* _Material for this exercise_
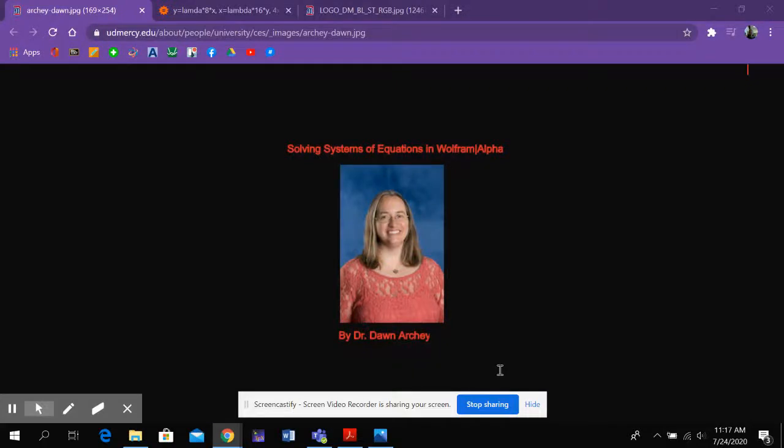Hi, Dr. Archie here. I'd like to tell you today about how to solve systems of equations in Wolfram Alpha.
...
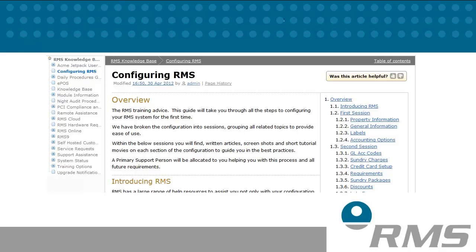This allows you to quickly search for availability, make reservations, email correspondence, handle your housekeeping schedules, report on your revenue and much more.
--
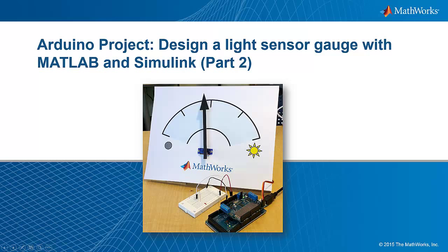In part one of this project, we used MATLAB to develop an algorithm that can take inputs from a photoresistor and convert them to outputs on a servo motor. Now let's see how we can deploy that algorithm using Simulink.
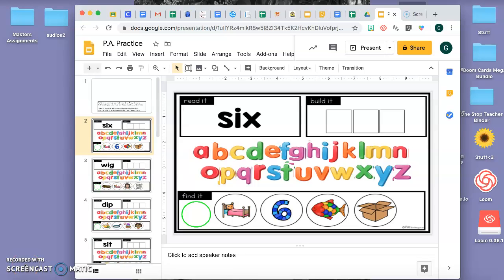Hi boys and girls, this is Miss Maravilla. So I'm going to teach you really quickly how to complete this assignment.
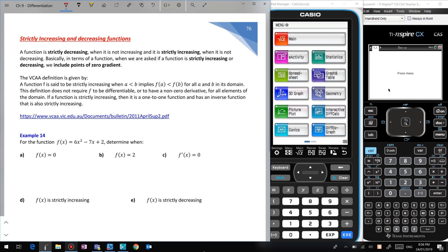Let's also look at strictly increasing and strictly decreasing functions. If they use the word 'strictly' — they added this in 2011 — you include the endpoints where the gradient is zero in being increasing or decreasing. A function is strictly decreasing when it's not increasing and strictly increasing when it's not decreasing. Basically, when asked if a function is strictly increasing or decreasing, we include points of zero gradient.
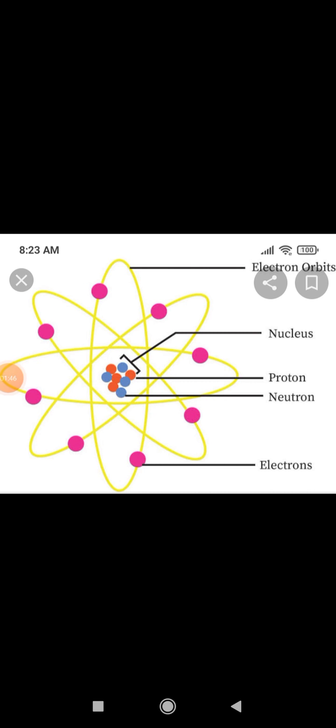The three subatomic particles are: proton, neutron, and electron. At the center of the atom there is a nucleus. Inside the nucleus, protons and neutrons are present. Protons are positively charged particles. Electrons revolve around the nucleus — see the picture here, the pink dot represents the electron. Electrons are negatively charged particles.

* _Task to complete_
In the listing above, find the line containing "In part one" and the line containing "Hi boys and", then output those two lines and everything between them exactly as written, without the images.

* _Written reply_
In part one of this project, we used MATLAB to develop an algorithm that can take inputs from a photoresistor and convert them to outputs on a servo motor. Now let's see how we can deploy that algorithm using Simulink.
Hi boys and girls, this is Miss Maravilla. So I'm going to teach you really quickly how to complete this assignment.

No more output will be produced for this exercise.